In a statement, the Fed said, “The coronavirus poses evolving risks to economic activity. In light of these risks and in support of achieving its maximum employment and price stability goals, the Federal Open Market Committee decided today to lower the target range for the federal funds rate.”
It is clear that Powell decided to stem the bleeding, so to speak, in hopes that the economic impact of COVID-19 fears doesn’t become worse. It is also likely that at the Federal Reserve’s scheduled March meeting in two weeks, another rate cut is likely.
The benchmark borrowing rate was cut three times in 2019 (a total of 75 basis points), and after the March meeting, will likely land around 1%-1.25%.
Just Friday, Powell had said in a statement that COVID-19 represents “evolving risks” and that the Fed would “act as appropriate,” which they now have. Critics point to supply-side damage with continued rate cuts, but there appears to be one sector that will benefit from these moves: Housing.

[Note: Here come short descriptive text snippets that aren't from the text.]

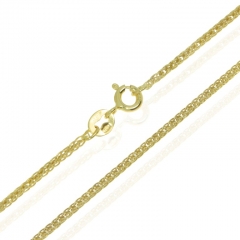 Złoty Łańcuszek 45cm Pełny splot Lisi ogon 1mm pr. 585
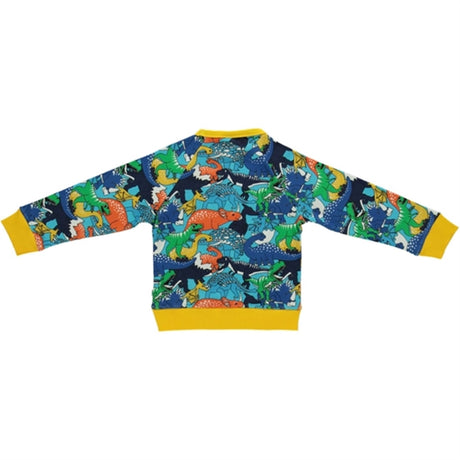 Småfolk Blue Atoll Dinosaur Sweatshirt 2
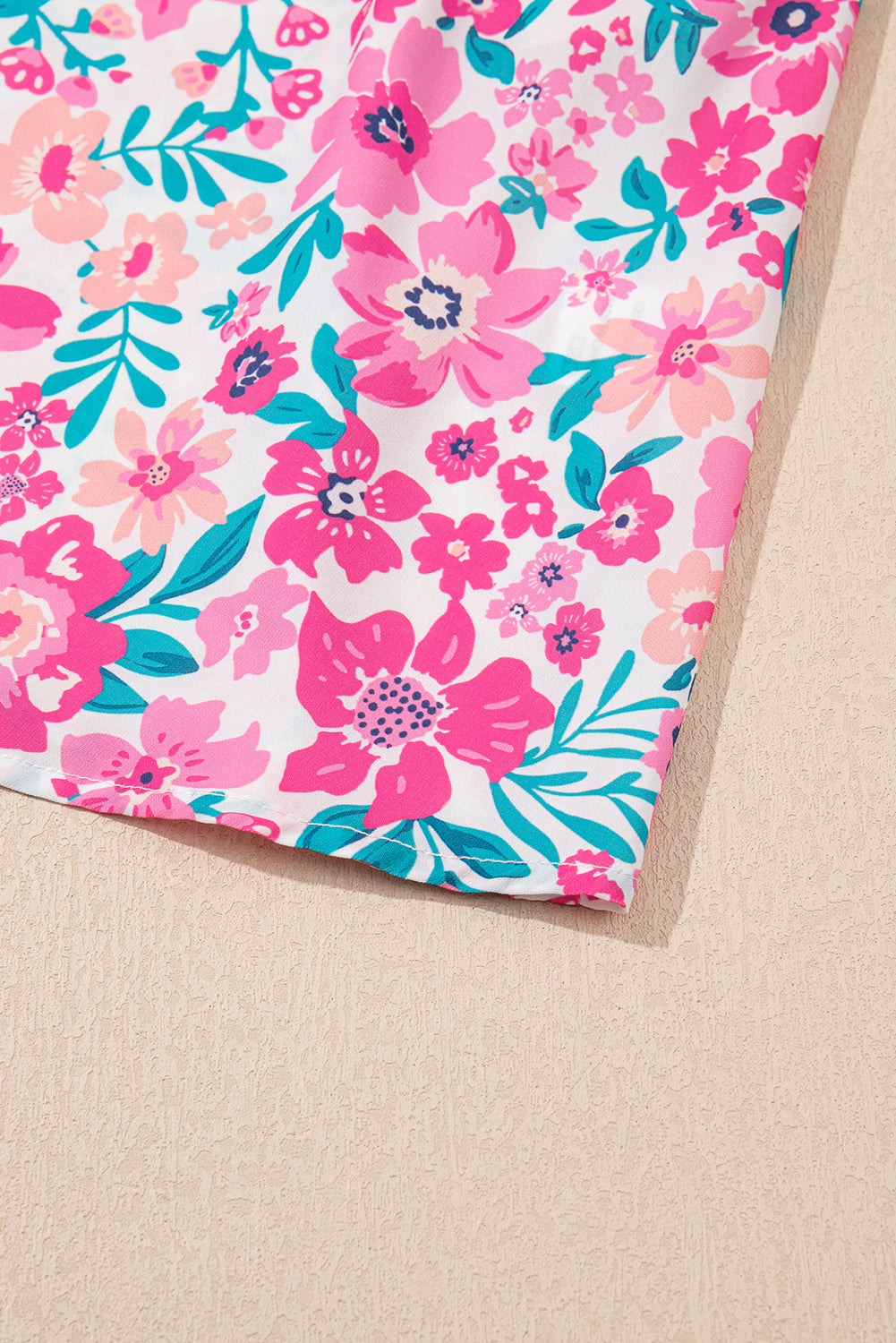 White Plus Size Floral Print Ruffle Short Sleeve Flare Dress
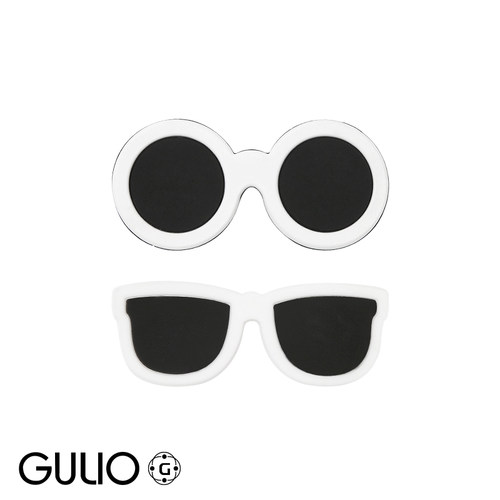 GULIO洞洞鞋配饰眼镜墨镜时尚搞怪鞋花可拆卸鞋扣diy拖鞋装饰配件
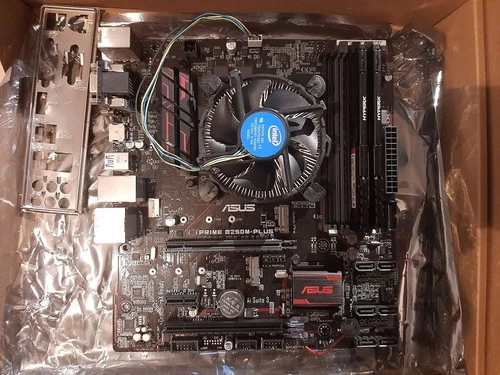Motherboard PRIME B250M-PLUS con CPU e RAM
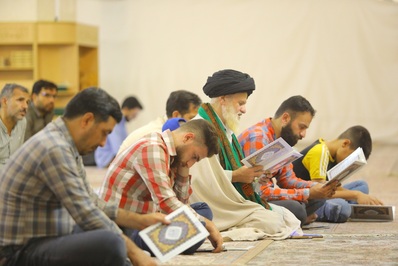 چهلمین روز شهادت آیت‌الله سلیمانی در قم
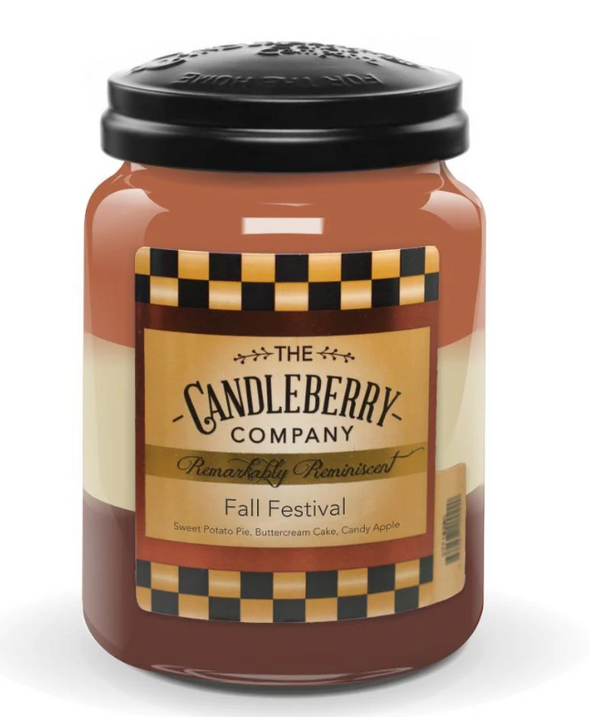 Candleberry Fall Festival Large Jar Candle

Dr. Lawrence Yun, Chief Economist at the National Association of Realtors noted, “The coronavirus has quickly upended global economic expansion and introduced the significant uncertainty of a possible recession. Today’s interest rate cut is therefore an appropriate response to changing events.”
Additionally, he declared, “The real estate sector will hold up very well because of the rate cut. Hesitant homebuyers will be enticed to take advantage of low interest rates. Commercial property prices will rise due to higher returns than can be had from the bond market after adjusting for risks.”
Despite market volatility, it looks like homeowners and real estate professionals will benefit from the rate cut.